Peter and I took our usual flights from Manchester and London to Paris and on to Beijing with Air France. On arrival we met up with Xiaolan and continued to Chengdu on Air China flight CA4102 at 12:20, arriving Chengdu at 15:00. While in Chengdu we stayed at the Binjiang Hotel in the city centre. We spent the first couple of days checking out a number of locations near Chengdu where steam had been reported in recent years.
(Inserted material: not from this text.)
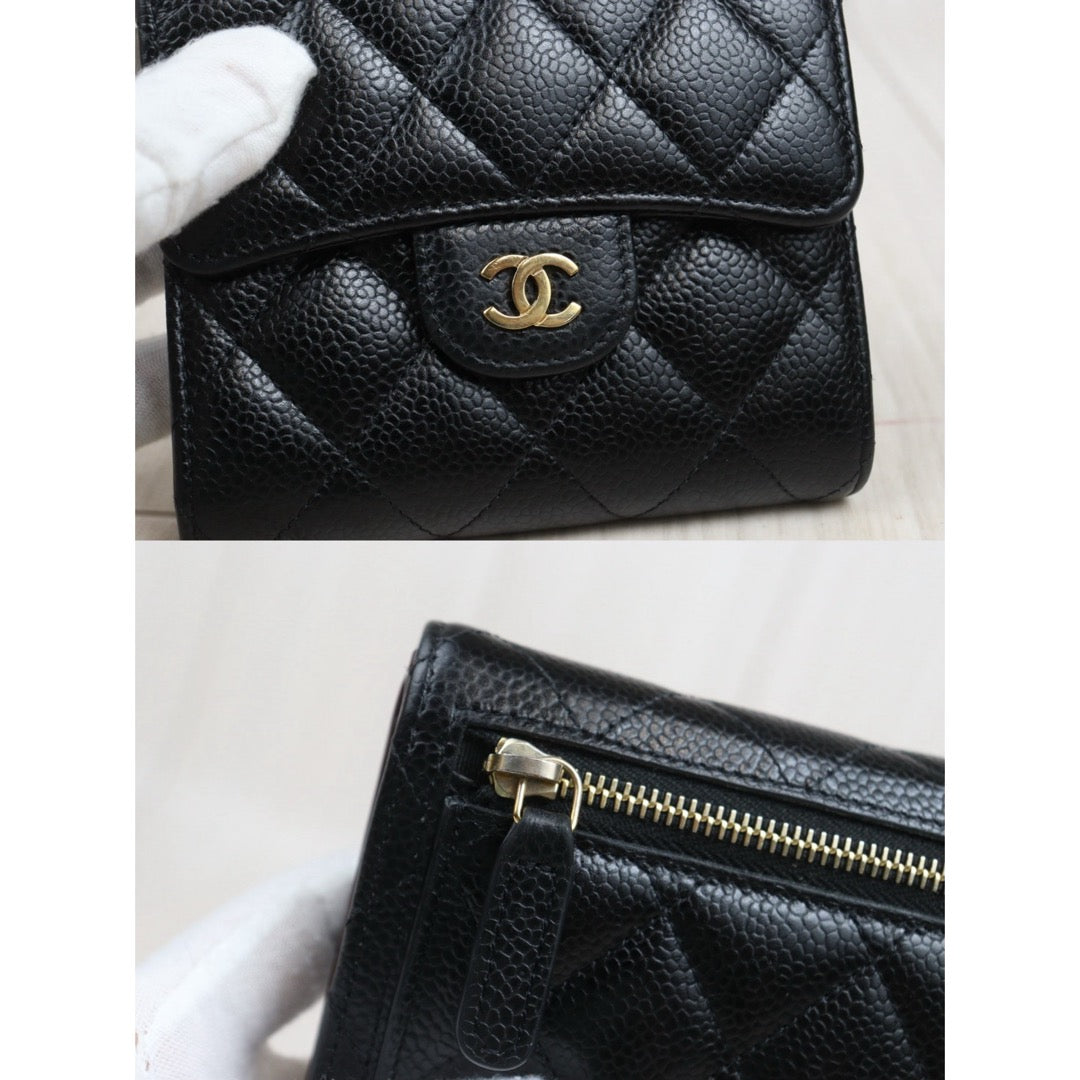 Very Good ( Rank A)｜Chanel Caviar Skin Black Wallet Made In 2021-2022 Year ｜25093006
Chengdu Seamless Pipe Works

(04 & 06 Jan 2007)

From the airport we went to look for steam at the Seamless Pipe Works. Unfortunately the plant had closed and was in the process of being demolished. Production has been moved to a new site adjacent to Chengdu Iron & Steel, north of the city. Surprisingly, some steam working continues at the old site. As we approached the level crossing at the end of the main yard, north of the site, SY 1207 trundled past light engine on its way to the shed. At the depot SY 2008 and 2010 were out of use with rods removed and big ends and slide bars packed. Also present was GK1C 0007, parked between the two SYs. Questioning of the railway staff elicited the information that SY 2008 and 2010 had been sold to a nearby glassworks.

Next task was to locate the glassworks. We found it around 2 km north of the pipe works but staff informed us that there were no locomotives there at the moment. However, they were expecting to receive two locos in the near future. Presumably the site is currently shunted by Seamless Pipe engines and the two SYs will replace them when the pipeworks operation ceases.

A second visit to the Seamless Pipe yard two days later saw SY 1523 arrive at the yard with some wagons from Chengdu Dong at lunchtime. Staff confirmed that there were only two working engines left.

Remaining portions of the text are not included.